Ilya Sutskever defende seu papel na saída de Sam Altman da OpenAI durante julgamento Musk vs. Altman

O julgamento envolvendo Elon Musk contra OpenAI e Microsoft avançou em sua fase final com depoimentos que lançaram luz sobre os bastidores da polêmica saída de Sam Altman da presidência da OpenAI em 2023. Entre os principais depoentes esteve Ilya Sutskever, ex-cientista-chefe da empresa e um dos maiores acionistas individuais da OpenAI, cuja participação no braço lucrativo da companhia está avaliada em cerca de US$ 7 bilhões.
Contexto do julgamento e depoimento de Sutskever
O processo judicial discute, entre outros pontos, se Altman e o presidente Greg Brockman violaram acordos prévios ao estabelecerem um braço comercial da OpenAI, contrariando as expectativas de Musk, que alegava compromissos específicos relacionados ao financiamento da organização sem fins lucrativos.
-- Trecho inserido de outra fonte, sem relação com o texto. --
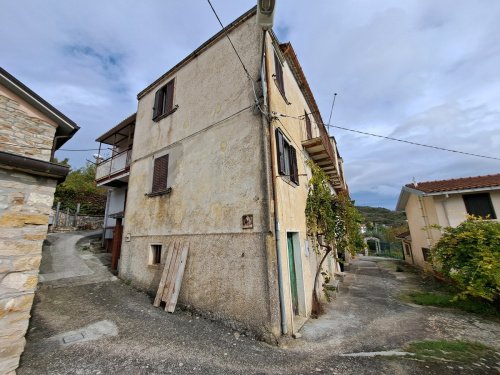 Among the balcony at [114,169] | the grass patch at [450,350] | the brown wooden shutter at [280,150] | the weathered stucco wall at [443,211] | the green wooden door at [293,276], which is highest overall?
the balcony at [114,169]

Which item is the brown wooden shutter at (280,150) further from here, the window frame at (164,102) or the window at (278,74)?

Sutskever, que deixou a OpenAI em 2024 para fundar um laboratório concorrente, testemunhou em defesa da empresa, negando que Musk tivesse garantias especiais e destacando a necessidade de recursos financeiros robustos para o desenvolvimento da inteligência artificial avançada.
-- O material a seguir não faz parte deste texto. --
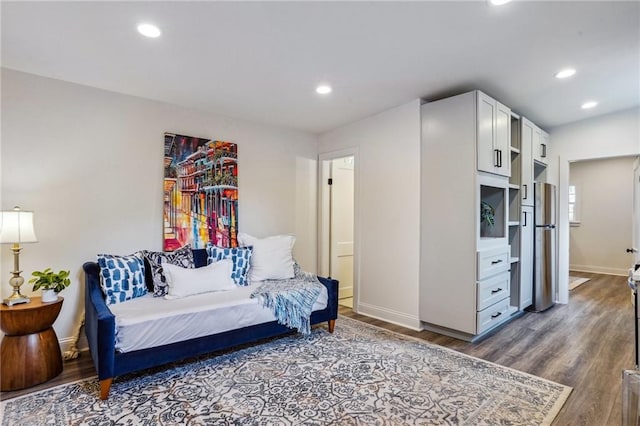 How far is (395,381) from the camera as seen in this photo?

Motivações para a remoção de Sam Altman
Durante seu depoimento, Sutskever assumiu ter participado ativamente da coleta de evidências contra Altman, apontando uma suposta história de enganos por parte do ex-CEO. Ele também auxiliou na redação de um memorando que fundamentou a decisão da diretoria pela sua destituição. Apesar dos esforços para reparar o relacionamento, Sutskever permanece afastado de Altman e Brockman, conforme informado por advogados da OpenAI.
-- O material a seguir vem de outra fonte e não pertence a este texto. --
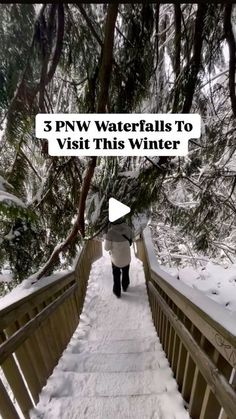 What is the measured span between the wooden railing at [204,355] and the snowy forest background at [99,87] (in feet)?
3.29

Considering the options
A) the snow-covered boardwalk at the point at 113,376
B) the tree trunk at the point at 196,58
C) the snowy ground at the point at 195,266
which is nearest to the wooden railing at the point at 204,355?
the snow-covered boardwalk at the point at 113,376

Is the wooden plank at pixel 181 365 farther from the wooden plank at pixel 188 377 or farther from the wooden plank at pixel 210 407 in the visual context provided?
the wooden plank at pixel 210 407

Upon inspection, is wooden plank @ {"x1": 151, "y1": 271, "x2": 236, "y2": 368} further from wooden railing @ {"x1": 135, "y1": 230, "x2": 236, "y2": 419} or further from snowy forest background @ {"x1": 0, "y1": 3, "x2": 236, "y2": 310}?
snowy forest background @ {"x1": 0, "y1": 3, "x2": 236, "y2": 310}

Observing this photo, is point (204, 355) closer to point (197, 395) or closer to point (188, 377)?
point (197, 395)

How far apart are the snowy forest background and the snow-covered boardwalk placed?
105 cm

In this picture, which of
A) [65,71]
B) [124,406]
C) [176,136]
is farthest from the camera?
[176,136]

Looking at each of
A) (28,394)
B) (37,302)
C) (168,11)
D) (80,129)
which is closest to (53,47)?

O cientista expressou seu sentimento de pertencimento à OpenAI, afirmando que dedicou sua vida à organização e que não desejava vê-la destruída. Ele criticou a condução precipitada da remoção de Altman, lamentando a falta de experiência da diretoria e a qualidade do aconselhamento jurídico recebido.
Importância do financiamento e a transformação da OpenAI
Sutskever explicou que a transição para uma estrutura com fins lucrativos foi uma decisão consensual, motivada pela necessidade de grandes investimentos para construir uma infraestrutura computacional comparável ao cérebro humano. Ele comparou a diferença entre financiamento limitado e amplo como sendo “a diferença entre uma formiga e um gato”.
Em seu depoimento, também destacou o trabalho da equipe de superalinhamento, que liderou focada na segurança dos modelos futuros, considerada por ele a atividade mais relevante para o longo prazo dentro da OpenAI. Essa equipe foi desfeita logo após sua saída da empresa.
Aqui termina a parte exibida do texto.